TASK BRIEF |
For the records below, copy exactly the span that begins at the line containing "ZoeGrant online show from 4, 7, 2026" and stops after the line containing "Käytetty Nissan Qashqai", minus any pictures.

*** Opening of GIVEN RECORDS ***

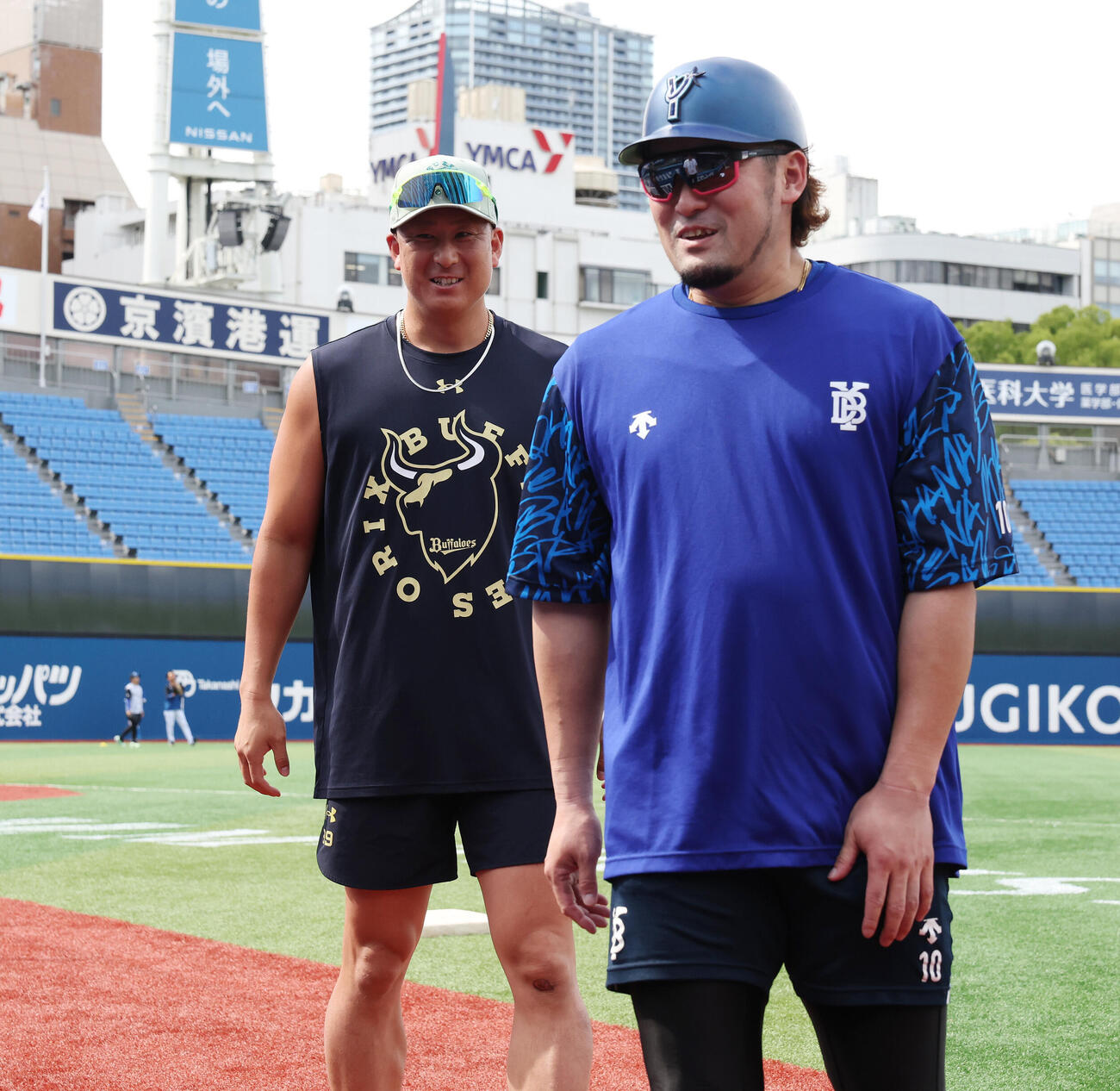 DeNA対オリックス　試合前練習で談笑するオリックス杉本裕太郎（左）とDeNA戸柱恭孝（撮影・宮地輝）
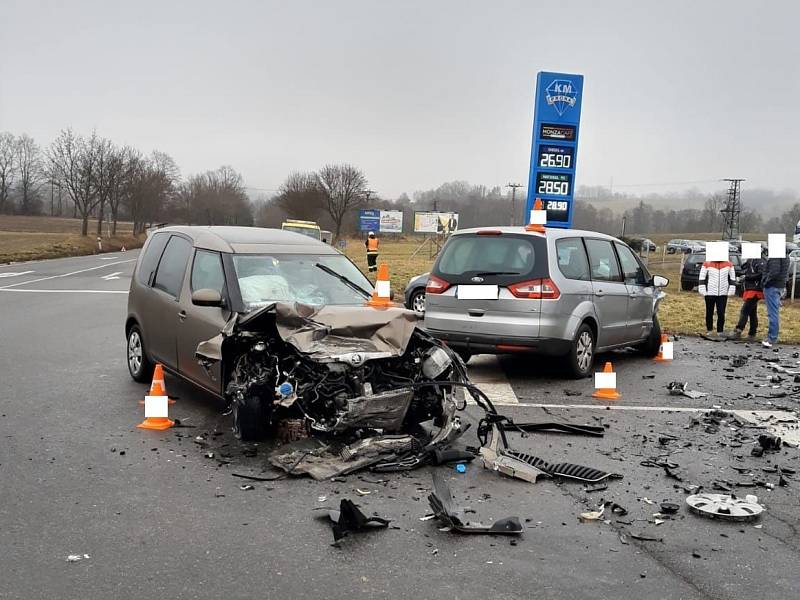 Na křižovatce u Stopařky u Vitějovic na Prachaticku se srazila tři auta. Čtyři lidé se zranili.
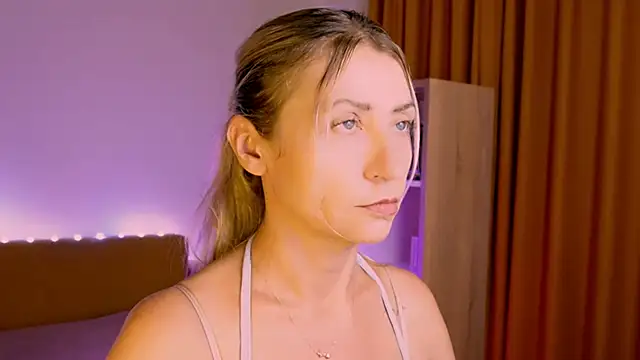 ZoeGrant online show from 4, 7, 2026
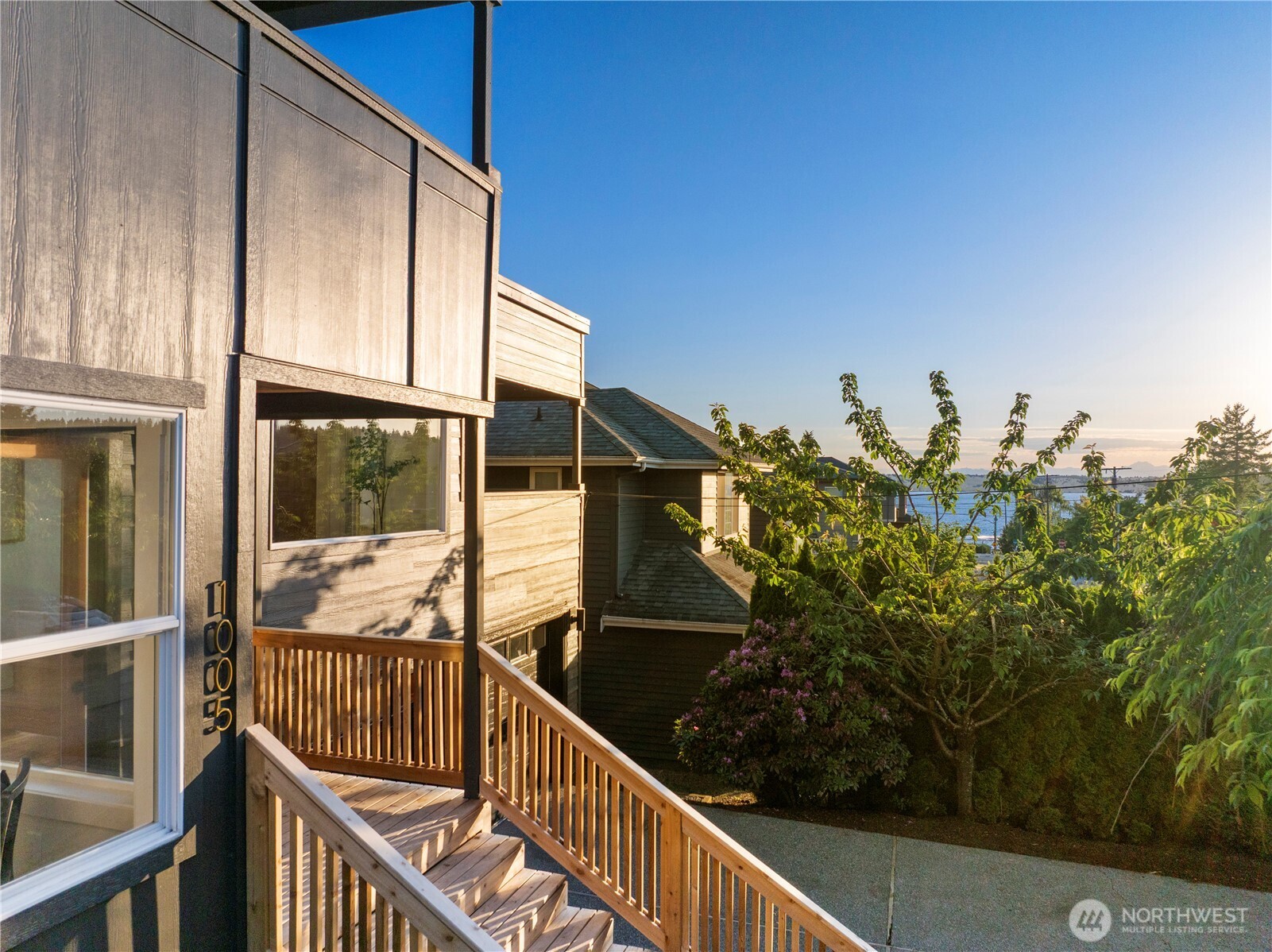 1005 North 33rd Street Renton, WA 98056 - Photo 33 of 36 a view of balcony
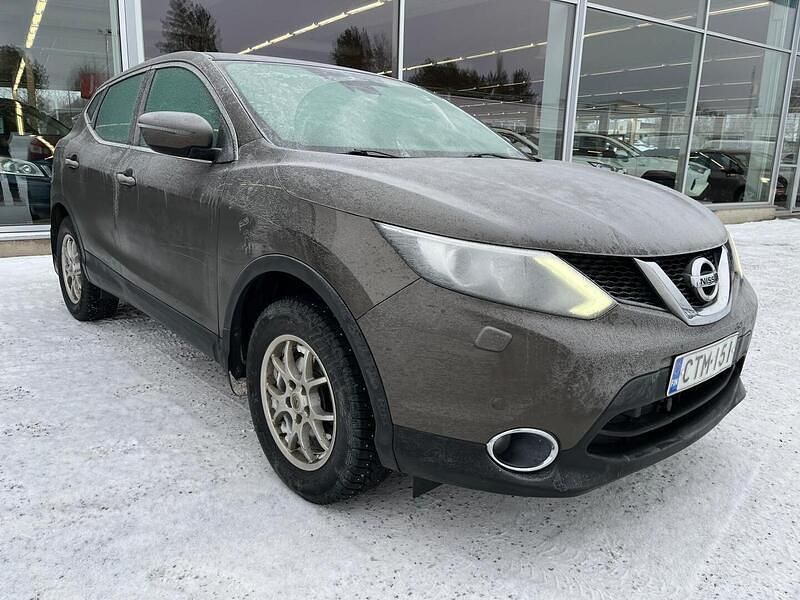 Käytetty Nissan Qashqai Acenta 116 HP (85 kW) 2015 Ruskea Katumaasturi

*** Close of GIVEN RECORDS ***
*** Opening of GIVEN RECORDS ***

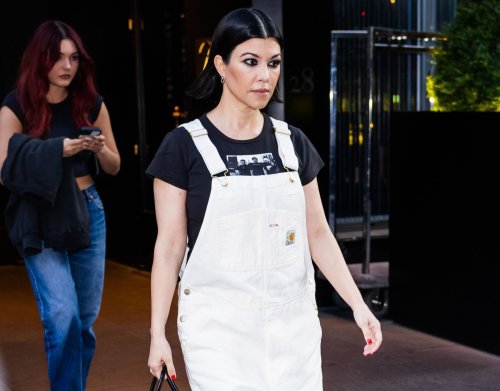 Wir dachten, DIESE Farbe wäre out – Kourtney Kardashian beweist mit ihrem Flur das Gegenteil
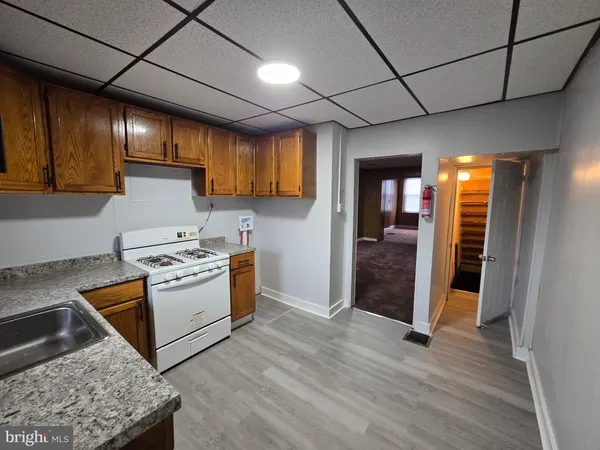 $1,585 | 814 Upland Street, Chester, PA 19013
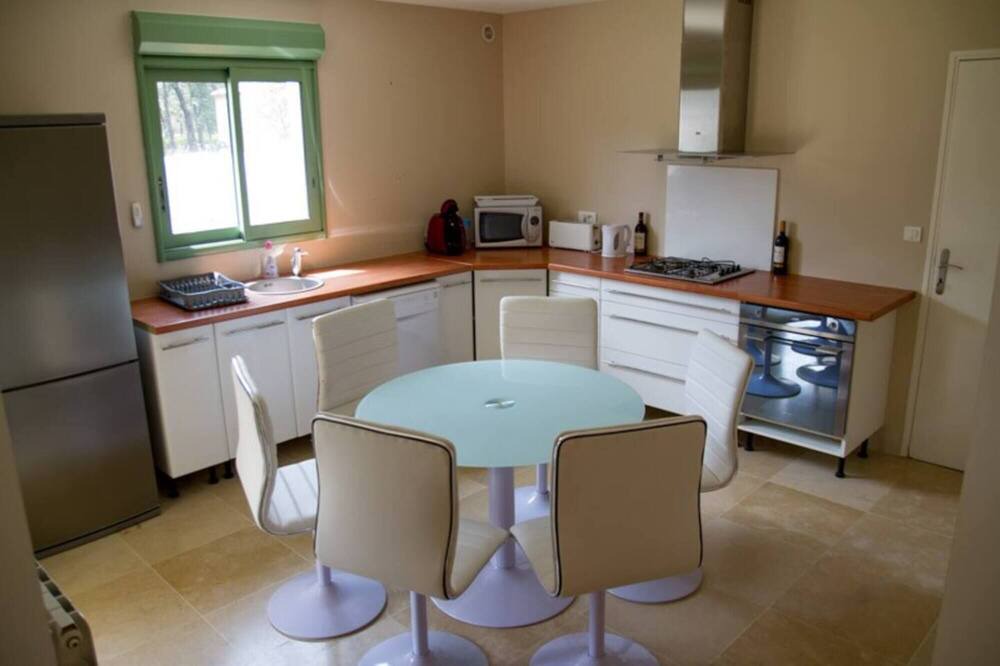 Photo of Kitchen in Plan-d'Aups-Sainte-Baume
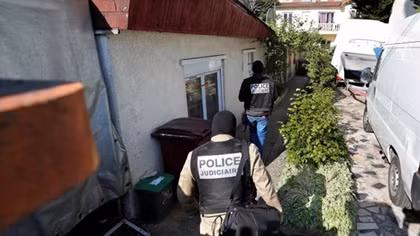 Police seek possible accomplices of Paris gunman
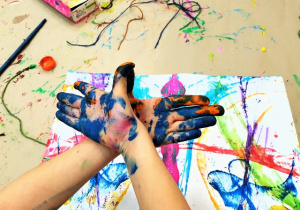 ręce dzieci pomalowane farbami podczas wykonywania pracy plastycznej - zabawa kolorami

*** Close of GIVEN RECORDS ***

ANSWER TO THIS PROBLEM |
 ZoeGrant online show from 4, 7, 2026
 1005 North 33rd Street Renton, WA 98056 - Photo 33 of 36 a view of balcony
 Käytetty Nissan Qashqai Acenta 116 HP (85 kW) 2015 Ruskea Katumaasturi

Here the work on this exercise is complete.